Digging around I found this previous post: Bayesian Inference of an ODE SEIR model - #2 by jlindbloom . And the repo they recommend (GitHub - Priesemann-Group/covid19_inference: Bayesian python toolbox for inference and forecast of the spread of the Coronavirus) has a very nice solution for SIR/SEIR models. I implemented it for this small example, and it provides results which are closer to the Stan model.
# -*- coding: utf-8 -*-
import numpy as np
import pymc as pm
import pytensor.tensor as pt
import pandas as pd
import arviz as az
from pytensor import scan
#Data from a 14 days influenza outbreak in a British boarding school with 763 male students
df = pd.read_csv("influenza_england_1978_school.csv")
infected = df.in_bed*1.0 #cases
n_days = len(infected)
Ntot = 763 #total number of students
times = np.arange(n_days)
t_0 = 0
I_begin = infected[0]
S_begin = Ntot - infected[0]
new_I0 = pt.zeros_like(I_begin)
##This function is based on: https://github.com/Priesemann-Group/covid19_inference/blob/master/covid19_inference/model/compartmental_models/SIR.py
def sir_func(S_t, I_t, new_I0, beta, gamma, N):
new_I_t = beta * S_t * I_t / N
new_R_t = gamma * I_t
S_t = S_t - new_I_t
I_t = I_t + new_I_t - new_R_t
I_t = pt.clip(I_t, -1, N) # for stability
S_t = pt.clip(S_t, 0, N)
return S_t, I_t, new_I_t
with pm.Model() as mod:
# Priors
beta = pm.Wald('beta', 1, 1)
gamma = pm.Wald('gamma', 1, 1)
# Variables
S = pt.zeros(n_days)
I = pt.zeros(n_days)
R = pt.zeros(n_days)
S = pt.subtensor.inc_subtensor(S[0], Ntot - infected[0])
I = pt.subtensor.inc_subtensor(I[0], infected[0])
outputs, _ = scan(
fn=sir_func,
outputs_info=[S_begin, I_begin, new_I0],
non_sequences=[beta, gamma, Ntot],
n_steps=n_days
)
S_t, I_t, new_I_t = outputs
# Likelihood
phi_inv = pm.Exponential("phi_inv", 1)
y = pm.NegativeBinomial("y", mu=I_t, alpha=phi_inv, observed=infected)
R0 = pm.Deterministic("R0", beta/gamma)
recovery_time = pm.Deterministic("recovery time", 1/gamma)
with mod:
idata = pm.sample(1000)
summ = az.summary(idata, hdi_prob=0.9)
Auto-assigning NUTS sampler...
Initializing NUTS using jitter+adapt_diag...

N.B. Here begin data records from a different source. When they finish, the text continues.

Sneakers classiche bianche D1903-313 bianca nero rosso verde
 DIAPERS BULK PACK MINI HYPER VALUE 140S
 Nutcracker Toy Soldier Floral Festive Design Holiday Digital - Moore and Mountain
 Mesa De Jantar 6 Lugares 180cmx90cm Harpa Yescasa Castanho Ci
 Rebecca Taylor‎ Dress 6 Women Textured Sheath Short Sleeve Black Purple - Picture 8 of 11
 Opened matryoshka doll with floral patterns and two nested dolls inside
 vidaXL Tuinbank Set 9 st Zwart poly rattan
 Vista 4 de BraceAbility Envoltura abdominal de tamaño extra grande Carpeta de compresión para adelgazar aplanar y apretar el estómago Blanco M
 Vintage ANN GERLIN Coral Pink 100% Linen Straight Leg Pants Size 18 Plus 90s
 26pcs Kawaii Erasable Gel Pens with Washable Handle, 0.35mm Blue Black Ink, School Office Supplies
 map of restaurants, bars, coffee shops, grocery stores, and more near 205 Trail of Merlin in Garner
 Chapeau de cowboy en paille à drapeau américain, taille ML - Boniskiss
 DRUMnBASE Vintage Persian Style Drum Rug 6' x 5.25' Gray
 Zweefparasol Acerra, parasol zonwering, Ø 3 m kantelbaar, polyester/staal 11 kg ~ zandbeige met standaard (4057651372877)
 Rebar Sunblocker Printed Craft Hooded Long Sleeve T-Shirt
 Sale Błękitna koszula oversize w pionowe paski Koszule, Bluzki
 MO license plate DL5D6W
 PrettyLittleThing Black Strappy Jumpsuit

Multiprocess sampling (4 chains in 4 jobs)
NUTS: [beta, gamma, phi_inv]
|████████████| 100.00% [8000/8000 00:16<00:00 Sampling 4 chains, 0 divergences]Sampling 4 chains for 1_000 tune and 1_000 draw iterations (4_000 + 4_000 draws total) took 36 seconds.
mean sd hdi_5% hdi_95% ess_bulk r_hat
beta 1.739 0.091 1.588 1.871 2077.0 1.0
gamma 0.483 0.052 0.398 0.565 2021.0 1.0
phi_inv 4.278 1.661 1.693 6.799 2417.0 1.0
R0 3.655 0.528 2.804 4.471 1769.0 1.0
recovery time 2.095 0.224 1.706 2.431 2021.0 1.0
I used Wald (inverse Gaussian) distributions instead of truncated Gaussians, which I find a bit smoother for sampling. The model samples much faster as well.